Which is as it should be when the challenger, Oklahoma City, has smoked the defending champion Warriors twice in a row this season. That fact is plenty enough to generate drama.

“In two games against them, we really weren’t very competitive,” Warriors coach Steve Kerr said.

In the first meeting, last Nov. 22, the Thunder attacked like a school of piranha. The Warriors led for all of about four minutes and not at all after the first five minutes. OKC scored 13 points off 10 first-half turnovers, went up 17 at the half and as much as 26 before taking a 108-91 victory in Oklahoma City.

If that got the full attention of the Warriors, it didn’t seem make a difference when the team confronted each other 18 days ago in Oakland. The Thunder rolled to a wire-to-wire 125-105 win that raised eyebrows around the NBA.

When the Warriors get their third crack on Saturday at Oracle Arena, there will be stakes. Not so much for OKC, but certainly for the Warriors.

“They beat us twice, so we definitely want to win,” Durant said, as if reading directly from the platitude pamphlet. “We want to play good basketball for four quarters and we want to win every possession.”

This is not “one of 82,” or “just another game.” This is about a team taking up for itself, fighting back after being twice bullied. The Thunder forced 47 turnovers, off which the scored 72 points. The Warriors didn’t merely lose those games. They were handled, throttled, backhanded and boot-stomped.

A proud team such as the Warriors doesn’t suffer such humiliation unless it is helpless, and that’s the last thing they are against an OKC team that has lost 26 games, as many as four in a row (twice) and by as much as 25, to the Lakers no less.

“We didn’t play with enough force,” Durant said, referring to the first two games against the Thunder. “They’re long and athletic, so we’ve to got to play with a little bit more force. And I’m confident that we will.”

The Warriors have lost several games this season against vastly inferior teams, even at Oracle. They’ve been sloppy enough to give away games and passive enough on defense to invite defeat. These factors have dropped them into unfamiliar territory, with the second-best record in the Western Conference and facing what looms as a bloody battle over the final seven weeks for the overall No. 1 seed.

Now, with the All-Star break behind them and the regular-season finish coming into view, they’d like to erase those memories quickly, beginning with the beginning.

“We’ve just got to come out with a sense of urgency,” Durant explained. “We’ve got to take the game. We can’t sit back and be relaxed and expect the game to just go our way. Sometimes, we can do that. But most of the time, we’ve got to go out there and take it.”
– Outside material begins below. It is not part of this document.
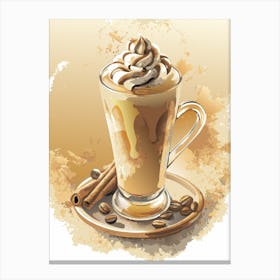 Latte Canvas Print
That’s the thing with the Thunder. With the irrepressible Westbrook leading the charge, they seem to find another gear when taking the floor against the Warriors.
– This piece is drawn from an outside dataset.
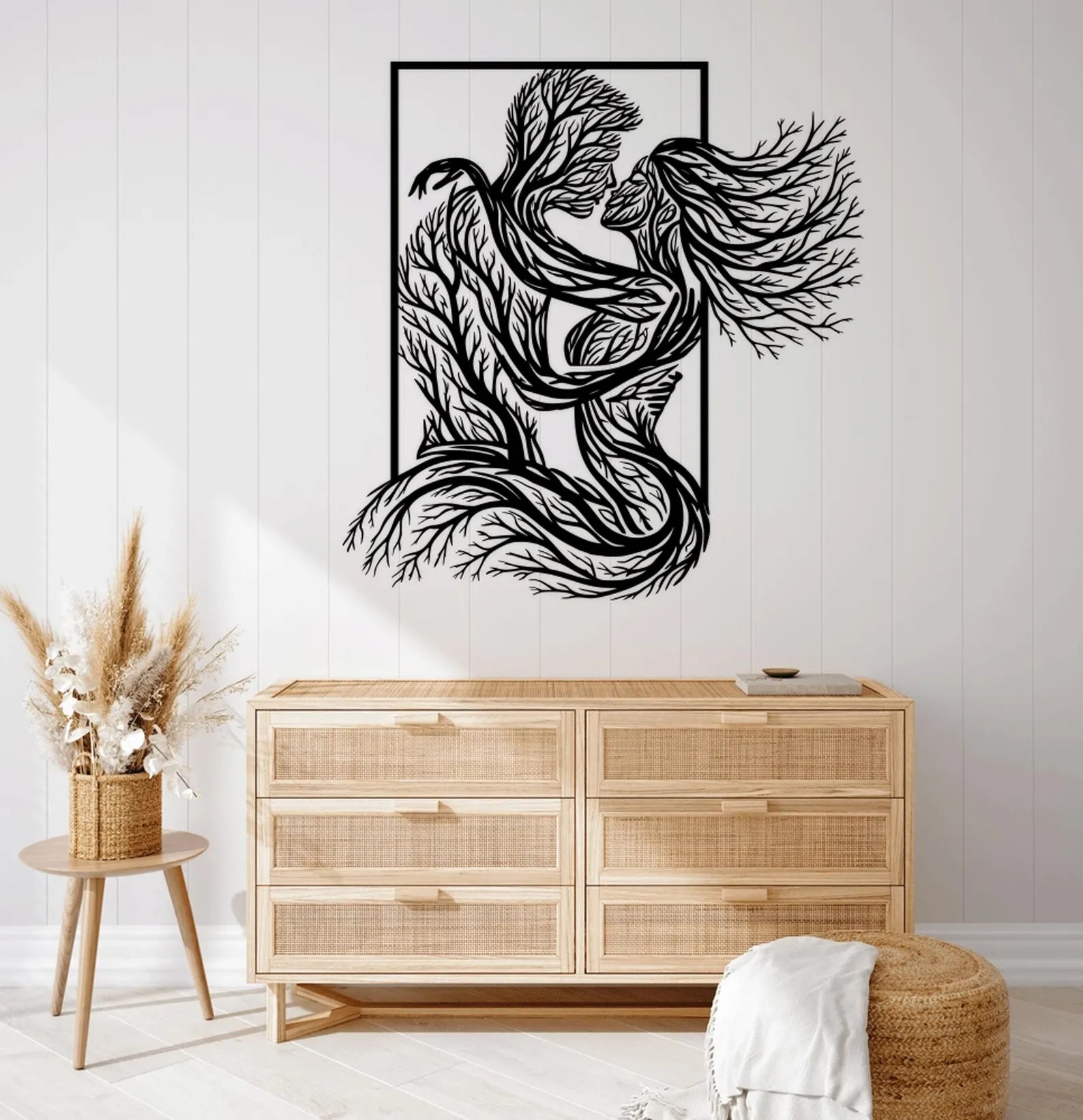 Siluete Cuplu – Tablou Contur Metalic - FOLDART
The Warriors know they have an extra gear. They don’t know if it’s enough to chill the Thunder.

“The main focus is ourselves,” Kerr said. “But you go into a game knowing that a team has beaten you twice, handily, you have to take that into account and play accordingly,” Kerr said. “I think our guys will be ready to go.”

Durant seems ready, at least mentally.

Asked about his comments during All-Star Weekend, when he admitted being primarily guilty for the deterioration of his relationship with Westbrook, while also making reference to them having talked, Durant brushed away elaboration.

“Does that have anything to do with basketball?” he asked. “It don’t really matter what we talked about. The only thing that matters is the basketball court. We got a tough one tomorrow.”

Give the man points for keeping with the facts.